If God is love, is love God?

1 Mar

1 John 4:8

Whoever does not love does not know God, for God is love

The copula/verb ‘is’ proves tricky.  In grammar, the copula links the subject to the predicate or compliment of the subject.  For example:

The sun IS bright.    Bright is the predicate or subject compliment to the subject the sun.

It’s easy and sometimes helpful to think of  ‘is/are’ as functioning like an equals sign. But there are limits, too. We mustn’t over-generalize about the copula and today I want to talk about the dangers.

The truth in 1 John 4:8 states that God is love.  In other words all that sums up God is called ‘LOVE’.

To study this proposition logically, we need to add the quantifier.  So for ‘God’ we have a choice of:

All God is

Some God is

Some God is not

No God is

John in his pastoral letter makes the job easy for us.  ‘God’ is ‘theos‘ in the Greek.  And according to Septuagint translations,  theos or kyrios were used interchangeably for the personal name of Yahweh.

One of the laws of logic states that quantifiers for personal names must be ‘universal’ (ALL or NONE) and not ‘particular’ (SOME or SOME ……NOT) because there is only one person in the world who is meant when a personal name is used.  Think: ‘John who lived on State Street in house # 42 in October 2015’ as opposed to ‘every boy named John’.

So now our proposition is:

All God is love

Now to the danger of viewing the copula (is) as an equals sign.  Unlike the math equation:

2+4 = 6  which can be written as 6 = 2+4 with no harm done to the integrity of the equation

we cannot replicate the same procedure and enjoy the same outcome with the proposition about God and Love.

Consider what happens if we switch the two terms in God is love’.  We would gain this proposition: All love is God

Is that true, that any and all kind of love represents a God-like quality?  This is a critical question. In today’s climate of redefining not only marriage and gender, but removing any limits on human sexuality, we have to be careful about relating any and every kind of ‘love’ to God.

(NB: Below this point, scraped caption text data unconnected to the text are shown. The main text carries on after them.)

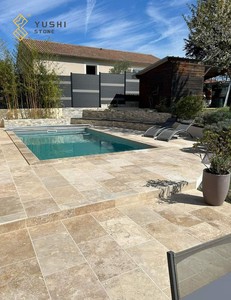 Yushi Nhà Máy Giá hồ bơi đối phó giảm tự nhiên đá vôi pavers cho ngoài trời travertine mô hình pháp sàn gạch - Product Image 2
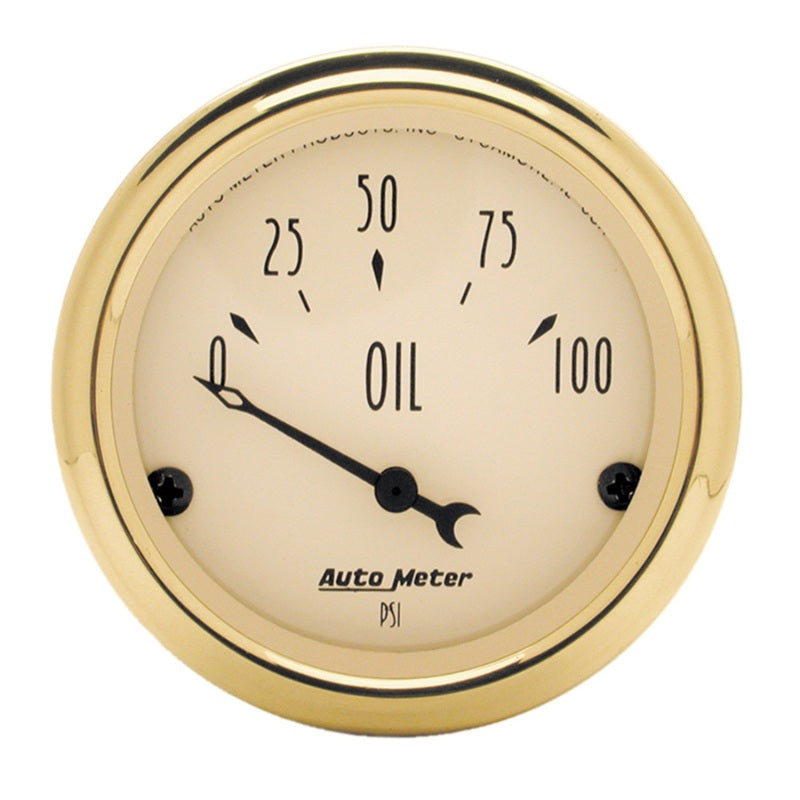 AutoMeter Gauge Oil Press 2-1/16in. 100PSI Elec Golden Oldies Gauges AutoMeter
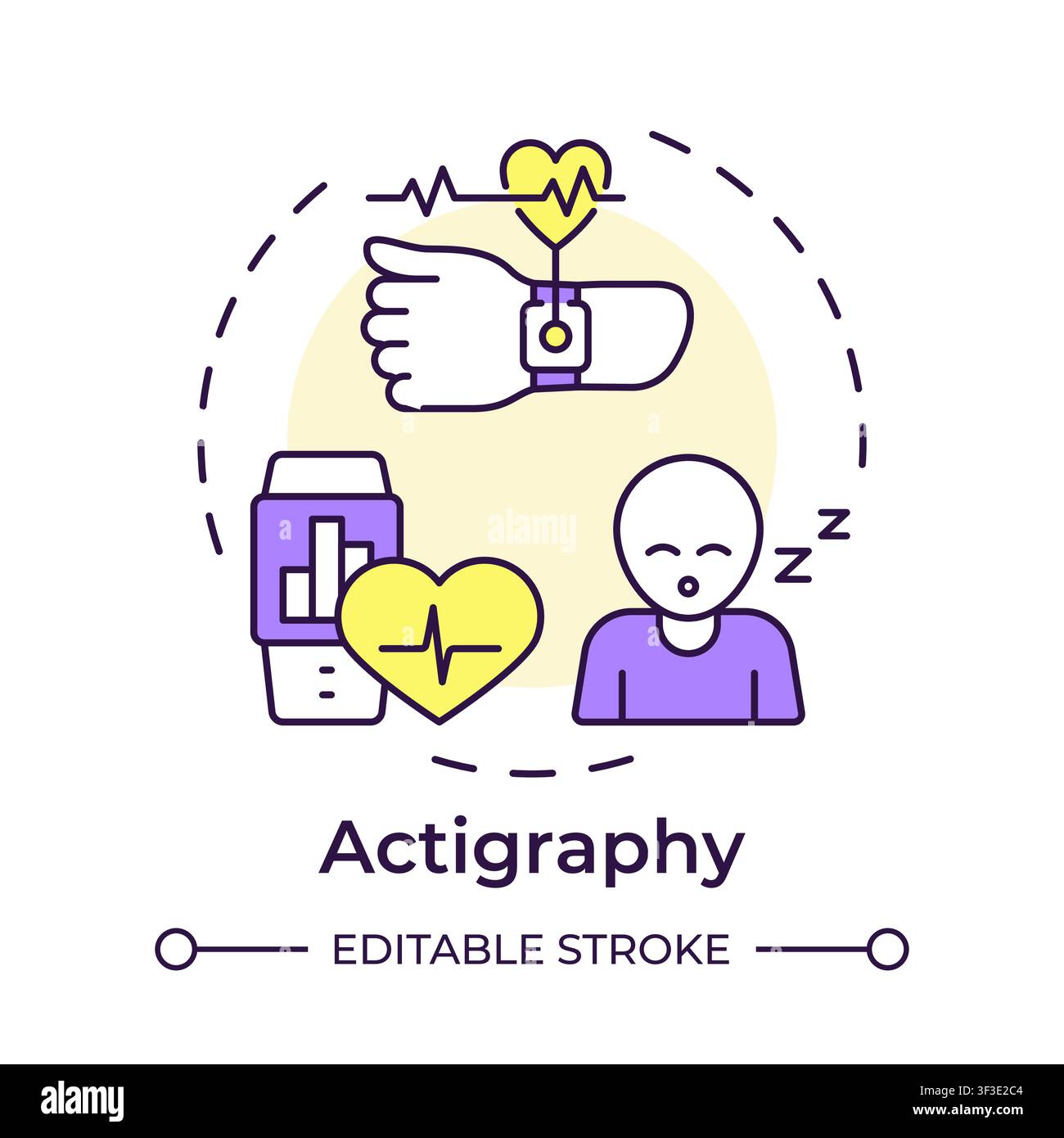 Actigraphy multi color concept icon Stock Vector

Looking to another law of logic helps us think clearly.  This law actually provides guidelines for maintaining equivalency during the logical procedure named ‘conversion’, an interchanging of terms

  • Swapping the terms of an A proposition (like our All God is love) requires us to change the new subject quantifier to SOME.

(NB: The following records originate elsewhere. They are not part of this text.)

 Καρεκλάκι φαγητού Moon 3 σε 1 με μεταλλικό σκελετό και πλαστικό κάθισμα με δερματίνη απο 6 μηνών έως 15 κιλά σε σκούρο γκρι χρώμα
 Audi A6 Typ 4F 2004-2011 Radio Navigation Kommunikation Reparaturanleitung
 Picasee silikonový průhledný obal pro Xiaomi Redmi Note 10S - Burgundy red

Therefore, All God is love MUST become……..Some love is God, for it is NOT true that All love is God.

Fortunately, we can see how reality reflects this truth.  Only some of what we humans call ‘love’ would match God’s character of ‘love’

My love for chocolate is not a godly love.

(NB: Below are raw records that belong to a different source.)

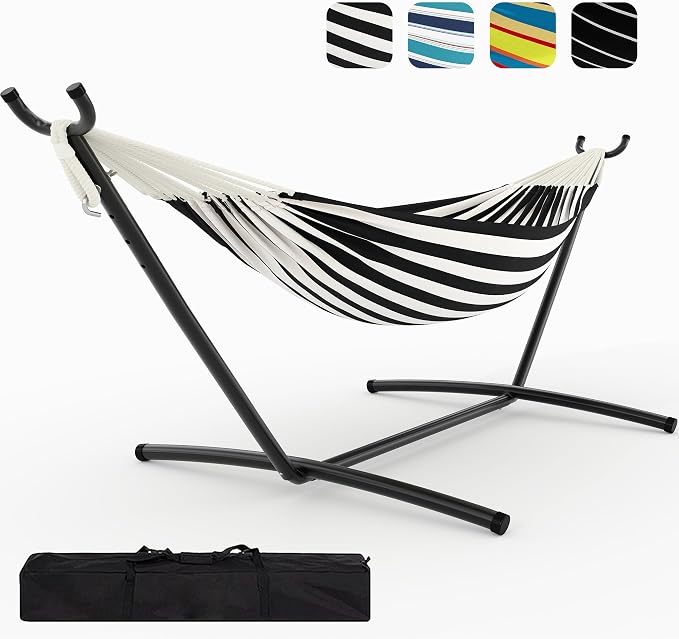 Hammock with Stand for Outside，450 lb Weight Capacity Double Hammock，Heavy Duty Steel Frame，Premium Carry Bag, Portable Hammock for Indoor, Patio, Beach - Black
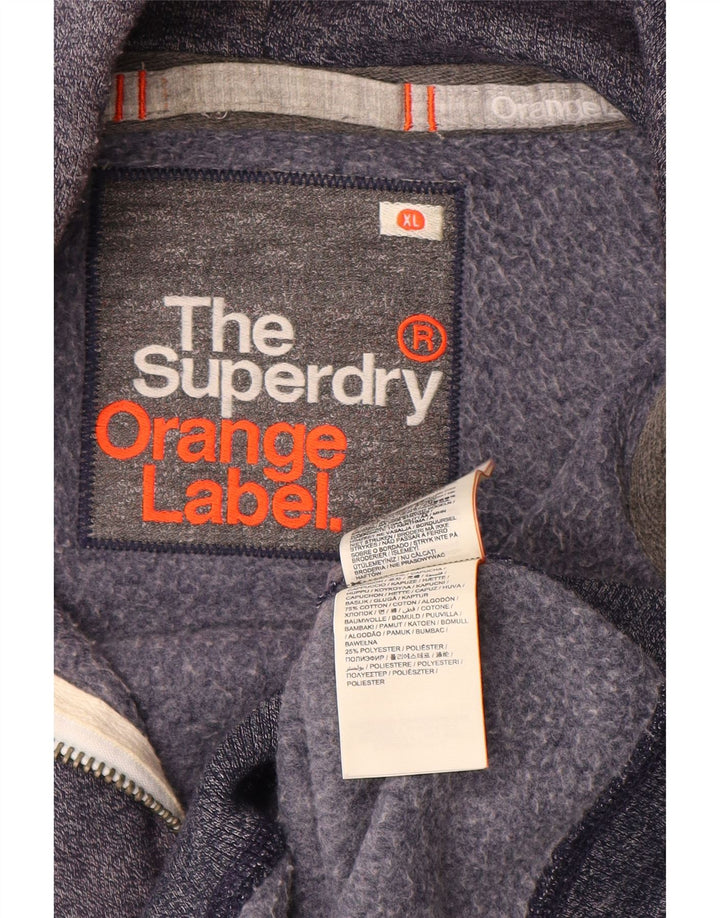 Ανδρικό πουλόβερ με κουκούλα με φερμουάρ Superdry XL Navy Blue Cotton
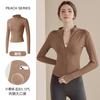 Fleece yoga clothes jacket women's spring slim riding long-sleeved elastic sports fitness clothes tight and thin top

In fact ALL unordered or inappropriate loves are not godly love.

Why is this helpful to a thinking Joe or Jane?  If you’re ever caught unable to unravel a particular example of reasoning that appears twisted, the ready tool of logic is a comfort. Thinking logically can also buy you time to work out what IS true and valid. Working to understand some fundamental laws of logic do help us parse out distinctions.

So all this talk about God’s love and the kinds of worldly ‘love’ that DO qualify leave us wanting to know better what His love is like.  John doesn’t abandon us to search that out for ourselves.  He leaves us with a clear description of the highest kind of love:

1 John 4:10

This is love: not that we have loved God, but that he loved us and sent his Son to be the payment for our sins.